A DLKit package for Deep Neural Network Calorimetry tasks, such as Classification, Energy Regression, and Generative Models. Currently the package is configured to work on simulated data for the LCD detector concept for the CLIC collider.
Get the packages:
git clone https://bitbucket.org/anomalousai/DLKit
cd DLKit
git clone https://github.com/UTA-HEP-Computing/CaloDNN
Work from DLKit Directory:
cd DLKit
Make sure CUDA is setup if you are using GPUs (default) or add --cpu
flag below to run on CPUs.
Make sure requirements are installed:
pip install -r CaloDNN/requirements.txt
Currently only particle classification task is implemented. The
training and analysis is primarly performed by running an "experiment"
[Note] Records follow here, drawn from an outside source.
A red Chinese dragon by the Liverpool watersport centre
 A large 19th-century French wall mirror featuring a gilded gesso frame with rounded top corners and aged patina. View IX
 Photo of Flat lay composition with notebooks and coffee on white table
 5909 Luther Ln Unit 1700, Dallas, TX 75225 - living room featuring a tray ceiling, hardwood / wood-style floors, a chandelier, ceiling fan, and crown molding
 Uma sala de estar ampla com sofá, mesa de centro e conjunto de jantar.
on the command line or through Jupyter notebooks (see examples in
package). Run the experiment with --help
switch to see the command-line
options:
python -m CaloDNN.ClassificationExperiment --help
Edit CaloDNN/ClassificationScanConfig.py
to set input files and
experiment configuration. Please read the comments in the various
sections of CaloDNN/ClassificationExperiments.py
for more details
about reading input files and configuring the experiment and
hyperparameter scans.
Run an experiment by:
python -m CaloDNN.ClassificationExperiment
Run a series of experiments with different parameters (as configured
in Params
dictionary in CaloDNN/ClassificationScanConfig.py
) by
first seeing how many possible experiments:
python -m CaloDNN.ClassificationScanConfig
and then running N experiments with the different configurations using
-s
option and an integer between 0 and N:
python -m CaloDNN.ClassificationExperiment -s 5
The models and results are stored in TrainedModels
directory.
For example, you can get a summary of results (all numbers stored in the Model MetaData) using:
python -m DLAnalysis.ScanAnalysis TrainedModels/
You can load a trained model:
python -im DLAnalysis.LoadModel TrainedModels/<ModelName>
or all of your trained models:
python -im DLAnalysis.LoadModel TrainedModels/*
and use the model for inference, further training, or inspection of
metadata (e.g. using MyModel[0].MetaData
).
After a scan, examine the progress and status of all of your trained models, by copying the example Jupyter notebook, running Jupyter, and editing as needed:
cp CaloDNN/AnalyzeScan.ipynb .
jupyter notebook AnalyzeScan.ipynb
Or analyze the performance of a specific model, looking at ROC curves or energy dependence of the performance:
cp CaloDNN/AnalyzePerformace.ipynb .
jupyter notebook AnalyzePerformance.ipynb
For running in batch, edit setup.sh
to properly setup your
environment. Use the PBS submit script ScanJob.sh
as a model for
submitting to your system. If you have torque/PBS running, simply edit
ScanJob.sh
to point to right path and then:
qsub -q <queuename> -t 0-19 CaloDNN/ScanJob.sh
to (for example) submit 20 jobs, each with different configuration.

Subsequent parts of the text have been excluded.